U.S. Accuses TRW of Overcharges
The Justice Department on Monday accused TRW of overcharging the government for military parts and sent other allegations against the company to the Defense Department for further investigation.
In addition, U.S. Atty. Patrick M. McLaughlin said his office is continuing a criminal investigation into the alleged overcharging by the defense contractor.
The government made its charge against TRW in an amended complaint to a civil lawsuit filed in April by three former TRW workers, who were fired in 1984 because of the alleged overcharging in two TRW divisions.
The government earlier this month took over the suit, which was filed under the seldom used federal False Claims Act. The legislation dates from the Civil War and is aimed at halting profiteering.
The original antitrust lawsuit charged that TRW had conspired to fix prices and restrict competition for military aircraft parts.
Government attorneys on Monday said they were dropping the antitrust allegations because of insufficient evidence. As a result, the other three defendants in the case were also dropped.
Dismissed as defendants were General Electric, United Technologies and Iscar Blades Ltd., Israel’s prime defense contractor. TRW is a major shareholder in Iscar Blades.
Cleveland-based TRW said in a statement that it was “gratified by the Justice Department’s decision to drop all antitrust, price-fixing and conspiracy allegations.”
TRW said it had been cooperating with the government since disclosing in November, 1984, what it called “accounting irregularities.” Company spokesman Michael Johnson said the company is prepared to make restitution.
The original suit sought $1.2 billion in damages, but the amended complaint did not specify an amount.
The government on Monday also asked that action on the civil suit be suspended because of the likelihood of a negotiated settlement, the investigation by the Defense Department and the criminal investigation.
Assistant U.S. Atty. Alan J. Ross said the amended complaint detailed “two relatively complicated schemes to defraud the United States on military contracts” by two Cleveland-based TRW units, the Compressor Components division and the Power Accessories division.
He said Compressor Components, which makes parts for jet engines, allegedly kept two sets of cost figures. The division allegedly “used the undisclosed cost system to determine its prices, then fraudulently altered its disclosed cost records to support inflated prices to the government,” he said.

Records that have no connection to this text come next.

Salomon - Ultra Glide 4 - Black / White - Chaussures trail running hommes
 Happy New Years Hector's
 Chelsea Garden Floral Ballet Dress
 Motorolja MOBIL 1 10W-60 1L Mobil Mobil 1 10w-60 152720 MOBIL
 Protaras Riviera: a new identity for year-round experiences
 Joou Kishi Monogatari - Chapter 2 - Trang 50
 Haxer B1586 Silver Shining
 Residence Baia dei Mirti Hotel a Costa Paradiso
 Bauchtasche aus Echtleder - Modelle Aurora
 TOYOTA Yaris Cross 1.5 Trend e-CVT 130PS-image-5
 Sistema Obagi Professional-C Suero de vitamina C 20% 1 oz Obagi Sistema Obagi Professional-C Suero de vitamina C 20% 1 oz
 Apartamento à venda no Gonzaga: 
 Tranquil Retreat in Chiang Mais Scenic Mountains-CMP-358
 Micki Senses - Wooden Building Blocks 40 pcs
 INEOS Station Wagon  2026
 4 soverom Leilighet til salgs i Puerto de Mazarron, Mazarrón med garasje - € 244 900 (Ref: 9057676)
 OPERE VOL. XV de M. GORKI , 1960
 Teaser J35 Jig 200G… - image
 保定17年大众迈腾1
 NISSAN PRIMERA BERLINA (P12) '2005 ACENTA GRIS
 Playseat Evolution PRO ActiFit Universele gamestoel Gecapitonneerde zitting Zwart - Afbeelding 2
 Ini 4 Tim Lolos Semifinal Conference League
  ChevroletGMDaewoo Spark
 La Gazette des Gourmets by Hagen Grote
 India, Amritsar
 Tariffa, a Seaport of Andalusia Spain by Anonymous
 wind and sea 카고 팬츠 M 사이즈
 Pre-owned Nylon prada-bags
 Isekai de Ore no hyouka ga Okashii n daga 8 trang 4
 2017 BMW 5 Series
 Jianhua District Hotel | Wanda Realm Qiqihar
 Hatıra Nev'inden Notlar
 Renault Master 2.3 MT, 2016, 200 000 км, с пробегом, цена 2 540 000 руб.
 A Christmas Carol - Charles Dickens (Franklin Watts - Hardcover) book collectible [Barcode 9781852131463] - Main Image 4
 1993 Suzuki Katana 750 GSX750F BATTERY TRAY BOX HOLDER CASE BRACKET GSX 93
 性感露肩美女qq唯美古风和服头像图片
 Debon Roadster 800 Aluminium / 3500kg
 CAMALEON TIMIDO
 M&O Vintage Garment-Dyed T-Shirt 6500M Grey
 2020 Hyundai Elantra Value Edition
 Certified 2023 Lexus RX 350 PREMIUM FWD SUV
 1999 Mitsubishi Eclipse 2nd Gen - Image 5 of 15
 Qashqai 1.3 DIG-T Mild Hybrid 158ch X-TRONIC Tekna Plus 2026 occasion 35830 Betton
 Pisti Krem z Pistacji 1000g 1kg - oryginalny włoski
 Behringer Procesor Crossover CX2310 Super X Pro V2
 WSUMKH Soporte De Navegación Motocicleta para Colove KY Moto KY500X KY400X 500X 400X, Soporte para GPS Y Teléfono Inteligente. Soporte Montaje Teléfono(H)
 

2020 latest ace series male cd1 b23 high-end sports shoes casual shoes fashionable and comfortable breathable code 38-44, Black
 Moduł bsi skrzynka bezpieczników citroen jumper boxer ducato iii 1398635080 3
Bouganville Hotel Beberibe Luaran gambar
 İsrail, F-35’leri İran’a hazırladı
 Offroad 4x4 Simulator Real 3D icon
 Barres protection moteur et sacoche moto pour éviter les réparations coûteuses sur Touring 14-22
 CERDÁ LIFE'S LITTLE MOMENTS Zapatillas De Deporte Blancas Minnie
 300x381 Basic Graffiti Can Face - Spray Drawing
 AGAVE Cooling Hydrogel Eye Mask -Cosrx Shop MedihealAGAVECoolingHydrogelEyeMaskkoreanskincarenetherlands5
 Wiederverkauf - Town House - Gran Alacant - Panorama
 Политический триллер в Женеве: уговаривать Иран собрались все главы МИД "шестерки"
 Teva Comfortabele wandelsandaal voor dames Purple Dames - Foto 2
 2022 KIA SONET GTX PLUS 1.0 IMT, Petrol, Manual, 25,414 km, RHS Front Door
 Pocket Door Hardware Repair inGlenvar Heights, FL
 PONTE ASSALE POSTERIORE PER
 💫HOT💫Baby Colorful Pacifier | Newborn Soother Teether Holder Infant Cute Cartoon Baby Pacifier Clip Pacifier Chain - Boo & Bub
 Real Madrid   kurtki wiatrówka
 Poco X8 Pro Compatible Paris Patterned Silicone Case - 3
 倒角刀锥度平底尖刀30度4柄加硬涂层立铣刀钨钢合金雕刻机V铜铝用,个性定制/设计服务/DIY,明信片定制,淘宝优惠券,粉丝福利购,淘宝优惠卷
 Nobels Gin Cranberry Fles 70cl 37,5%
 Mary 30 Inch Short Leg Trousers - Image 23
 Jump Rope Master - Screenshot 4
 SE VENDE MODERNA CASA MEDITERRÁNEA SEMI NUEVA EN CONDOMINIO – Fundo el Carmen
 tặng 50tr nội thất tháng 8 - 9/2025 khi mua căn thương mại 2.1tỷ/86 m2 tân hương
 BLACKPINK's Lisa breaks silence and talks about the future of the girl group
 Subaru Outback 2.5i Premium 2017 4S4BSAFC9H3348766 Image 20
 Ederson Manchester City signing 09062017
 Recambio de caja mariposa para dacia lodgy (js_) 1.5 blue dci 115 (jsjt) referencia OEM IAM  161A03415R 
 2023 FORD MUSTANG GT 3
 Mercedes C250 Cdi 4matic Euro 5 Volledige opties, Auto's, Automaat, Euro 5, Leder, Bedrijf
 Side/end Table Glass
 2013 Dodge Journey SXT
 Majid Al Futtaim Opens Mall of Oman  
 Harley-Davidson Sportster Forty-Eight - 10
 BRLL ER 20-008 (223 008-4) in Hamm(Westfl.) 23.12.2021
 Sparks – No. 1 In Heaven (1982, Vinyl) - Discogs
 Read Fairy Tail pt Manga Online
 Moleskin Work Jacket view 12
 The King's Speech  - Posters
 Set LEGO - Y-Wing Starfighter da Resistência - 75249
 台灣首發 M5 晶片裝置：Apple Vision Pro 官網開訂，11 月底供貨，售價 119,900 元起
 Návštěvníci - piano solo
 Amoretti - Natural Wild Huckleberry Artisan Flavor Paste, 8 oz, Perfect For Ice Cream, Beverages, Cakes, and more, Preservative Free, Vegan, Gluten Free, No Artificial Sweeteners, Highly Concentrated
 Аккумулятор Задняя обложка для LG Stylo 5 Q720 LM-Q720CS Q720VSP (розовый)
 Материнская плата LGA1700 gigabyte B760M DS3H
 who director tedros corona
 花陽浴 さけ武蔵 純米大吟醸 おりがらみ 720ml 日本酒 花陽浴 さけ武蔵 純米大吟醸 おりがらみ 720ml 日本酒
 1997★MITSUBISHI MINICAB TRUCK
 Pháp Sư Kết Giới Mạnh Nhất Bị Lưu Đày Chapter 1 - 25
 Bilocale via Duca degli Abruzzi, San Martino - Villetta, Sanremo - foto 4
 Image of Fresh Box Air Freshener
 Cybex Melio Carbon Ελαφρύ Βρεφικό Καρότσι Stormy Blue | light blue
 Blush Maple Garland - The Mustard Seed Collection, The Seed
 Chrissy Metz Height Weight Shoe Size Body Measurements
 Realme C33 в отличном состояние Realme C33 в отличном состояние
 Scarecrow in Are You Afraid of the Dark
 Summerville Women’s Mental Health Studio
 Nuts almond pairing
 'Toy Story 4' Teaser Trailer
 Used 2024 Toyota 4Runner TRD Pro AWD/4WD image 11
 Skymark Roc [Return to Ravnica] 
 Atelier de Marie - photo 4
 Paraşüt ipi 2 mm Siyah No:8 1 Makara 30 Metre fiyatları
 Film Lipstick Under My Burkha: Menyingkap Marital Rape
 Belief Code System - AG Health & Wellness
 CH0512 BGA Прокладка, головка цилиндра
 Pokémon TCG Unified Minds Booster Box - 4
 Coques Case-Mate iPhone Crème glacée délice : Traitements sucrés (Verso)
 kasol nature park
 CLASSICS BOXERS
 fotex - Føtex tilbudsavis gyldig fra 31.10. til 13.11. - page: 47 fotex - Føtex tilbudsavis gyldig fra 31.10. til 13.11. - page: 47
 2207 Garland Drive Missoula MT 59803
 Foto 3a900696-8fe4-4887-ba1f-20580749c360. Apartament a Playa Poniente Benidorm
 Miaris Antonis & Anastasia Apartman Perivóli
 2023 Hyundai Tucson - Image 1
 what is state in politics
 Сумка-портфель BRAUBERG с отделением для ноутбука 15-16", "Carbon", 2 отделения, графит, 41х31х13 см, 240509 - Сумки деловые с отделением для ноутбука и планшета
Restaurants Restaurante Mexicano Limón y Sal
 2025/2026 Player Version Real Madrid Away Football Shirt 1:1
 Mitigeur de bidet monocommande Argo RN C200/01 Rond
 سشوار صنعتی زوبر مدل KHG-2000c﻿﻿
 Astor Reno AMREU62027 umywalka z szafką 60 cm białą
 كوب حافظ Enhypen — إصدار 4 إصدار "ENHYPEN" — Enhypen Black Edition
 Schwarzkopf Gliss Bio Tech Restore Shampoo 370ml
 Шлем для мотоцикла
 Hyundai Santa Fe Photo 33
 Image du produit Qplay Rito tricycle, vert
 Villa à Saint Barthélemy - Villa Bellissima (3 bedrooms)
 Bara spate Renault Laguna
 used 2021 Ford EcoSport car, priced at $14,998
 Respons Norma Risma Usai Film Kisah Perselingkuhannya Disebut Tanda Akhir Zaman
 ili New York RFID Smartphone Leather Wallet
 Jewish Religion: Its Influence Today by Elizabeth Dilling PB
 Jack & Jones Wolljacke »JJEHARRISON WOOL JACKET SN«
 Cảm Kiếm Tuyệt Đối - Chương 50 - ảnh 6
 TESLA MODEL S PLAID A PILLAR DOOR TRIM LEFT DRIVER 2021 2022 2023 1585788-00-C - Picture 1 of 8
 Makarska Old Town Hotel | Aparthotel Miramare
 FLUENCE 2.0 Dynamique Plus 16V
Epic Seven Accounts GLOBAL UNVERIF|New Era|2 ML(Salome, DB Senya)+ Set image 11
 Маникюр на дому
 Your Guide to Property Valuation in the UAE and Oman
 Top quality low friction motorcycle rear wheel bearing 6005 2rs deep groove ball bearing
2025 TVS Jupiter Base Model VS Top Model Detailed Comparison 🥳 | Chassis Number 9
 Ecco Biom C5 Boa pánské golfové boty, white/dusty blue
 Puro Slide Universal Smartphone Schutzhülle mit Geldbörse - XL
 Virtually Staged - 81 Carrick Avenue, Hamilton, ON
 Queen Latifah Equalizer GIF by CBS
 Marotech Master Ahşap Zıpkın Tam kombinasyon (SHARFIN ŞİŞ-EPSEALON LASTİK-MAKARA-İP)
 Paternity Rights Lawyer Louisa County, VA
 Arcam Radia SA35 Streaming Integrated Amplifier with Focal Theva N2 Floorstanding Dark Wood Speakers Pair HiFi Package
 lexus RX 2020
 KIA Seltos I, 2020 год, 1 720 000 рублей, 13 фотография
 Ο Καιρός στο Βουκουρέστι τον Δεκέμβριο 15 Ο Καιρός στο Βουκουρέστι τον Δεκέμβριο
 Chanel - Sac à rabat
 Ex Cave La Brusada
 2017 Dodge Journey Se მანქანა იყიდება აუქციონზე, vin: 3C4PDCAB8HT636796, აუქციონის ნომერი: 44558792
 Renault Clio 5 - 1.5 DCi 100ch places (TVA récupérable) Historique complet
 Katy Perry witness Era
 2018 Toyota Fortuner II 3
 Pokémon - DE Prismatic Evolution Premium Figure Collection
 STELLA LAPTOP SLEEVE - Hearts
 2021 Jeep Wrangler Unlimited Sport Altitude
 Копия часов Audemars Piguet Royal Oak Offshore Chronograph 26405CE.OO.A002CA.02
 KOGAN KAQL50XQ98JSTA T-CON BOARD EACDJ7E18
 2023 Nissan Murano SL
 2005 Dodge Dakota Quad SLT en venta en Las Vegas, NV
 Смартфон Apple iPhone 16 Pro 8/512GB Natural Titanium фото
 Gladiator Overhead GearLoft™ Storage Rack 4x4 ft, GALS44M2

Power Accessories, which makes parts for nuclear reactors for military vessels, allegedly substituted costs on one contract for another contract, Ross said. This scheme, he said, prevented cost overruns.
Ross said some of the former employees’ allegations were sent to the Defense Department’s inspector general’s office. If the allegations have merit, he said, “we would expect to fold them back into the amended complaint at some future date.”